I was looking for a way to group by multiple keys and summarize/average values of a list of dictionaries in Python. The below code (also located from previous question/response located here: Group by multiple keys and summarize/average values of a list of dictionaries) set me off on the right track but I am running into issues adding more field aggregation in the loop.

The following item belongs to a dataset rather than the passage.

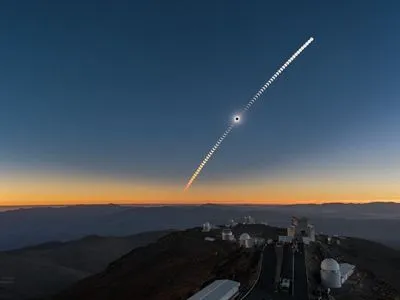 NASA показало весь путь солнечного затмения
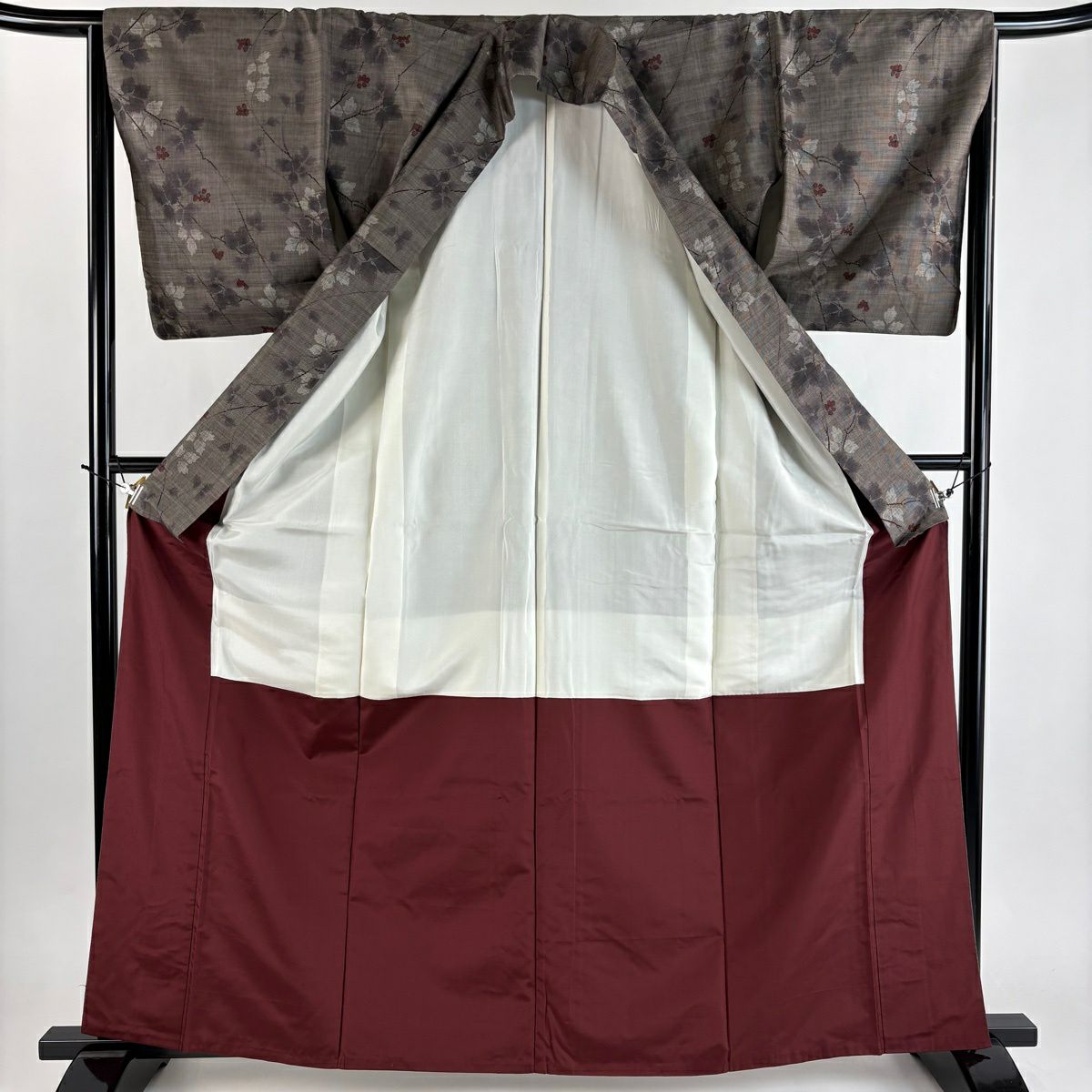 【美品】 大島紬織 身長164cm 袖長65.5cm M 雙層 純泥染 證書あり 枝花 灰茶 純蠶絲 秀品級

Say I have a list of dictionaries as seen below:
input = [
{'msn': '001', 'source': 'foo', 'status': '1', 'qty': 100, 'vol': 100},
{'msn': '001', 'source': 'bar', 'status': '2', 'qty': 200, 'vol': 200},
{'msn': '001', 'source': 'foo', 'status': '1', 'qty': 300, 'vol': 300},
{'msn': '002', 'source': 'baz', 'status': '2', 'qty': 400, 'vol': 100},
{'msn': '002', 'source': 'baz', 'status': '1', 'qty': 500, 'vol': 400},
{'msn': '002', 'source': 'qux', 'status': '1', 'qty': 600, 'vol': 100},
{'msn': '003', 'source': 'foo', 'status': '2', 'qty': 700, 'vol': 200}]
My code so far:
for key, grp in groupby(sorted(dict_list, key = grouper), grouper):
temp_dict = dict(zip(["msn", "source"], key))
temp_dict["qty"] = sum(item["qty"] for item in grp)

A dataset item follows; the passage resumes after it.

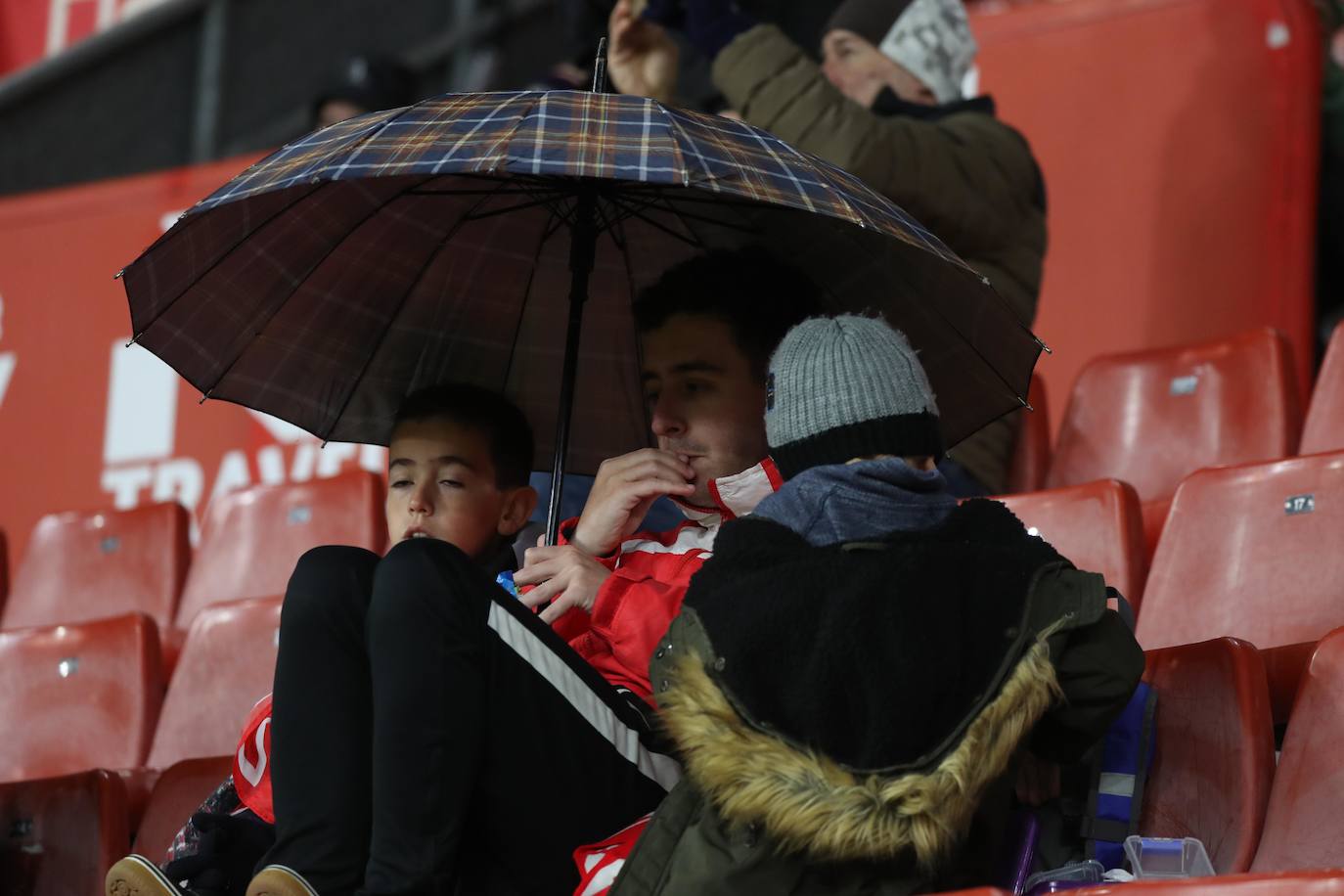 Fotos: ¿Estuviste en el Sporting - Las Palmas? ¡Búscate!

temp_dict["vol"] = sum(item["vol"] for item in grp)
result.append(temp_dict)
Expected result was:
{'msn': '001', 'source': 'foo', 'qty': 400, 'vol': 400},
{'msn': '001', 'source': 'bar', 'qty': 200, 'vol': 200},
{'msn': '002', 'source': 'baz', 'qty': 200, 'vol': 500},
{'msn': '003', 'source': 'foo', 'qty': 900, 'vol': 200}]
Placement of temp_dict["vol"] = sum(item["vol"] for item in grp)
within the for loop does not produce the desired results which is ultimately my issue.
How do I go about keeping the key, grouping as seen in the code while adding(appending) another field and its calculated value to the list?
Thanks in advance for any help.
Upvotes: 3
Views: 996
Reputation: 53029
You need to "copy" grp
if you want to iterate through it multiple times, itertools.tee
can do that for you
for key, grp in groupby(sorted(dict_list, key = grouper), grouper):
temp_dict = dict(zip(["msn", "source"], key))
grp1, grp2 = tee(grp)
temp_dict["qty"] = sum(item["qty"] for item in grp1)
temp_dict["vol"] = sum(item["vol"] for item in grp2)
result.append(temp_dict)
Upvotes: 1